YOUR OBJECTIVE.
An exact copy of every record below is required, with the pictures left out.

LISTED ENTRIES.
--- START ---

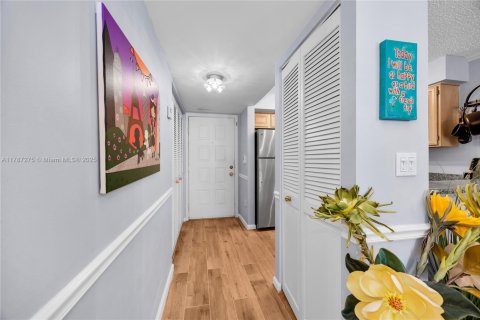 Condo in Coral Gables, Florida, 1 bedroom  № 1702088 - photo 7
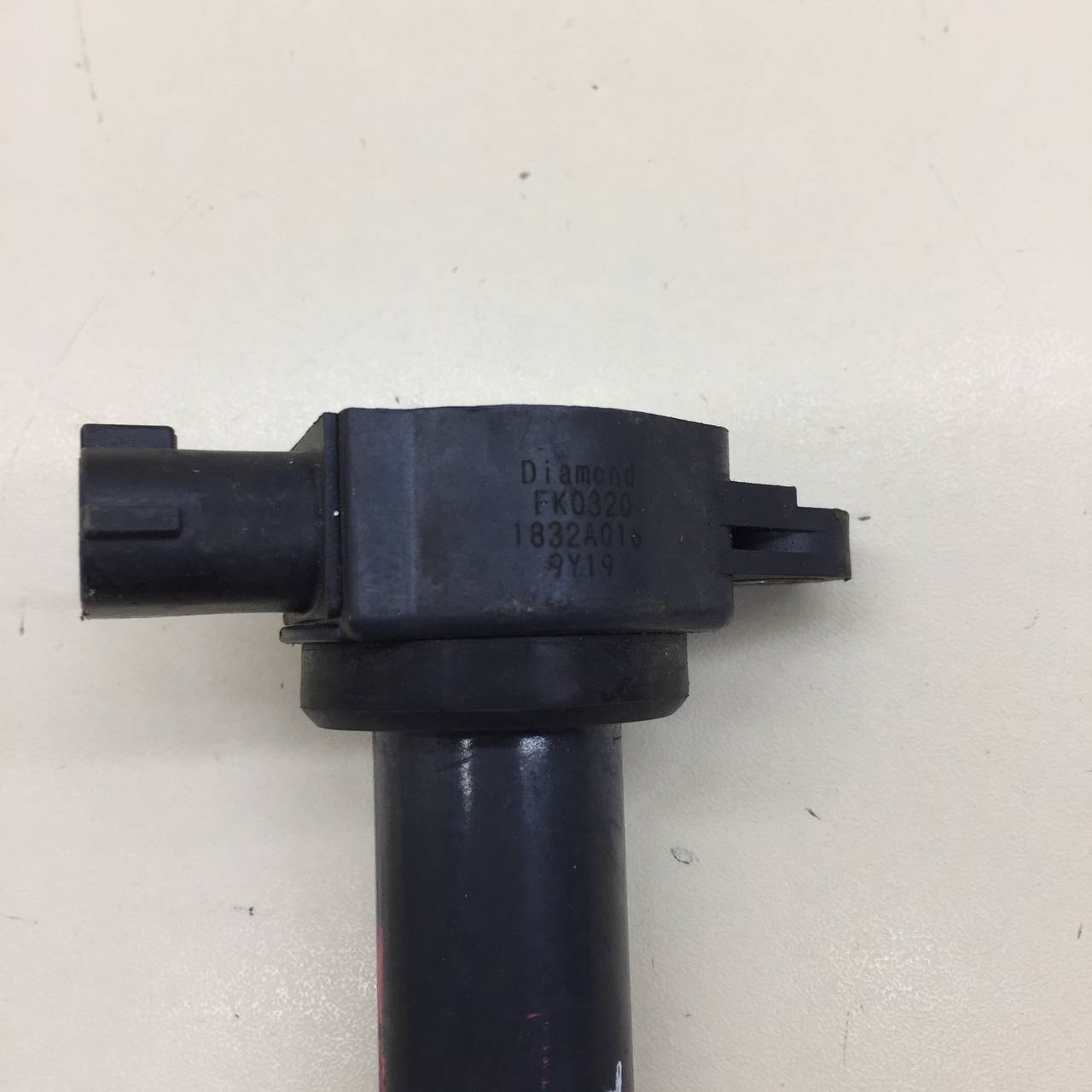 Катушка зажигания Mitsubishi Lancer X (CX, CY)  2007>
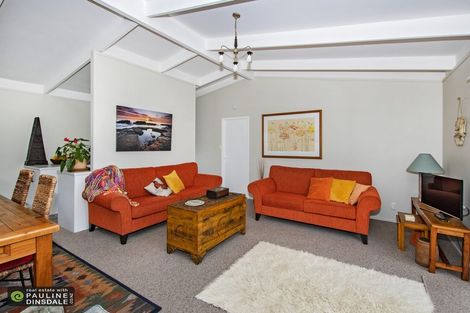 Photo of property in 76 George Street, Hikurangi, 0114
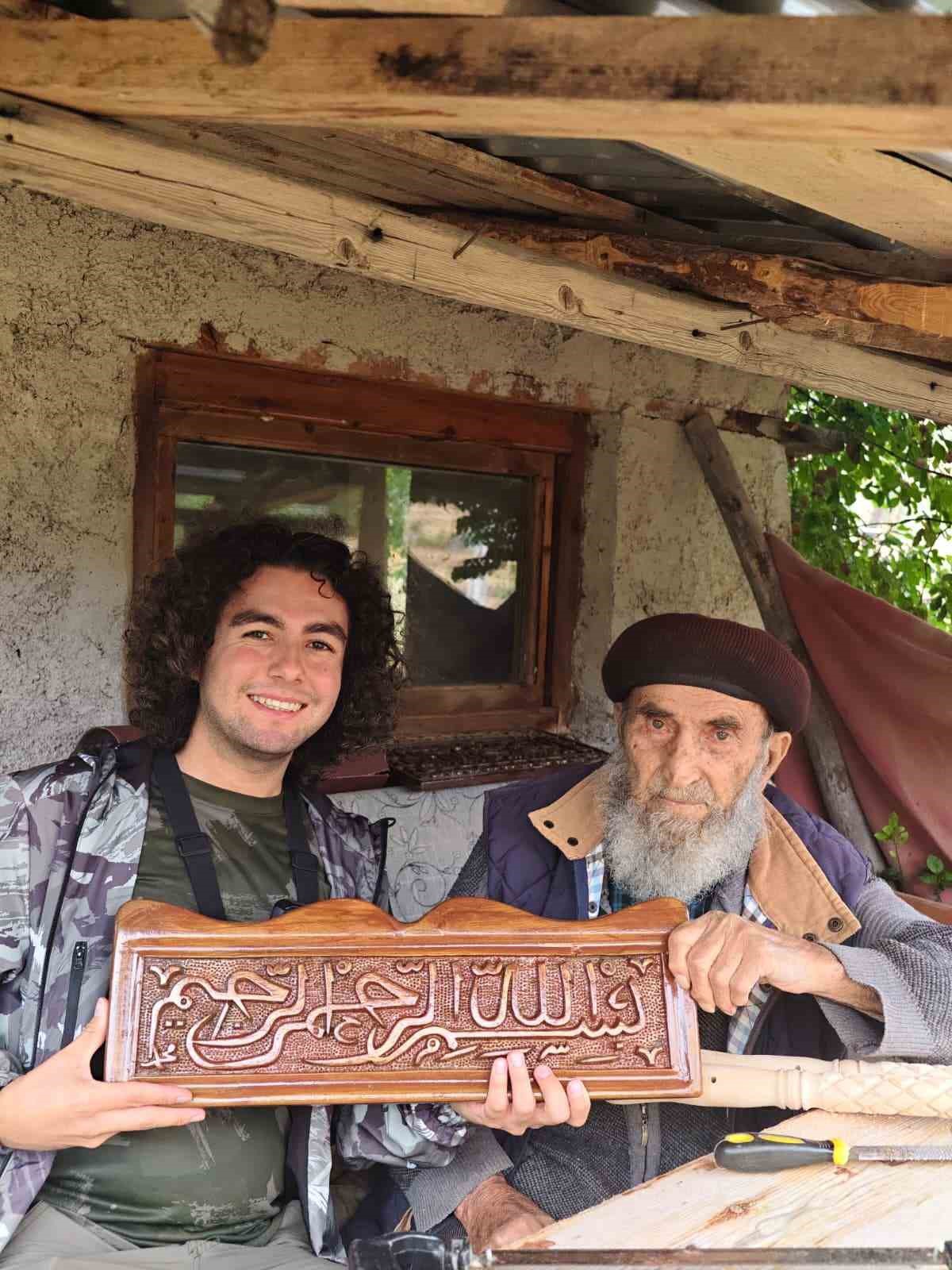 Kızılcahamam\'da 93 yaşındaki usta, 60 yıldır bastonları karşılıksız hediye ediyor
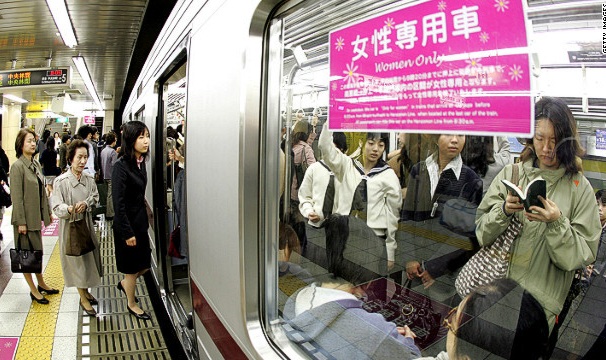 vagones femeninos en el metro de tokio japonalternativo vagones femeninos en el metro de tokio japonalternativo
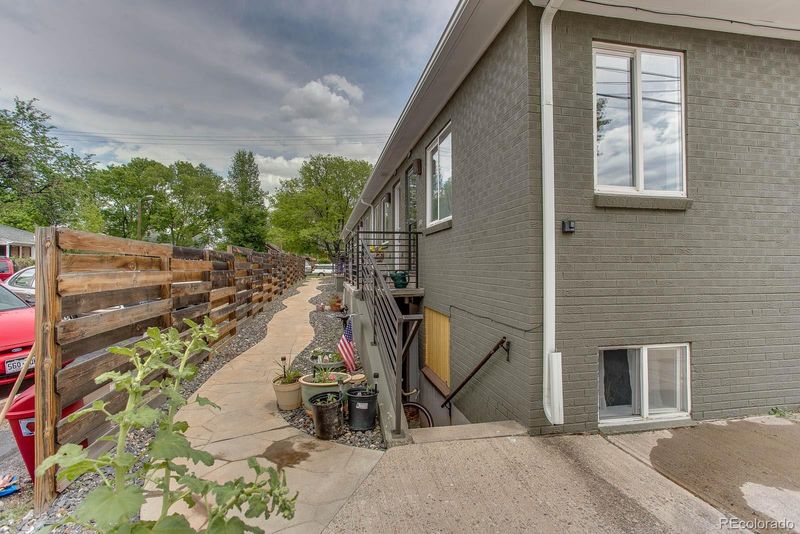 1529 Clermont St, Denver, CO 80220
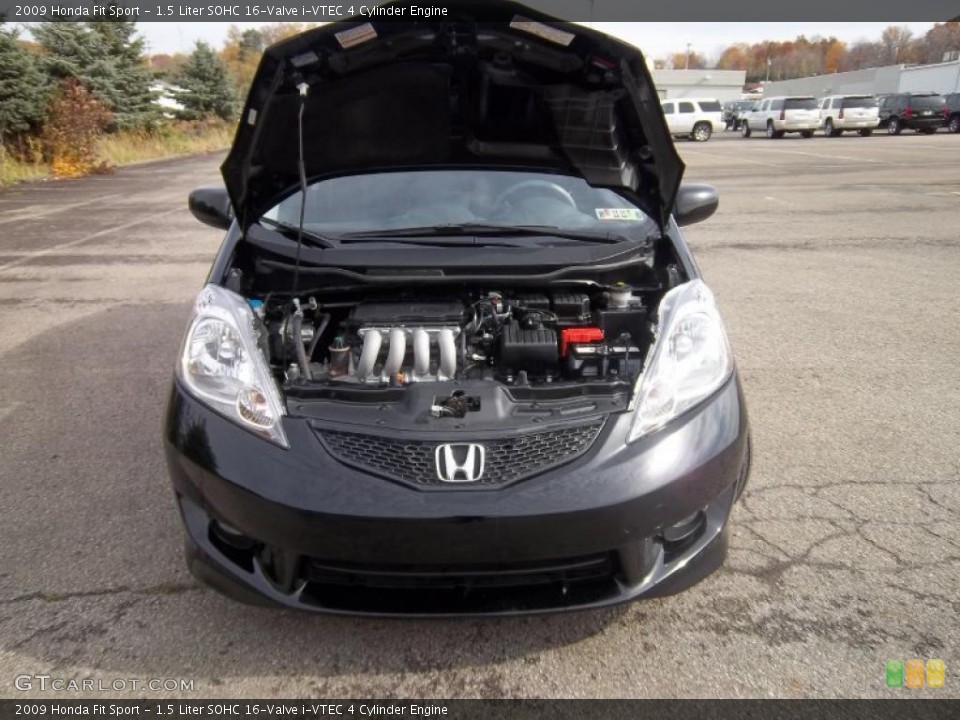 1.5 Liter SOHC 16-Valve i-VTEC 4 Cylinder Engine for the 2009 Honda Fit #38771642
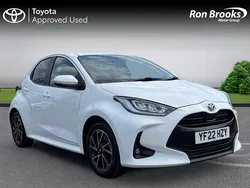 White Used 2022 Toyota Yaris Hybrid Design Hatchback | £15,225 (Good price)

--- END ---

TASK RESPONSE.
 Condo in Coral Gables, Florida, 1 bedroom  № 1702088 - photo 7
 Катушка зажигания Mitsubishi Lancer X (CX, CY)  2007>
 Photo of property in 76 George Street, Hikurangi, 0114
 Kızılcahamam\'da 93 yaşındaki usta, 60 yıldır bastonları karşılıksız hediye ediyor
 vagones femeninos en el metro de tokio japonalternativo vagones femeninos en el metro de tokio japonalternativo
 1529 Clermont St, Denver, CO 80220
 1.5 Liter SOHC 16-Valve i-VTEC 4 Cylinder Engine for the 2009 Honda Fit #38771642
 White Used 2022 Toyota Yaris Hybrid Design Hatchback | £15,225 (Good price)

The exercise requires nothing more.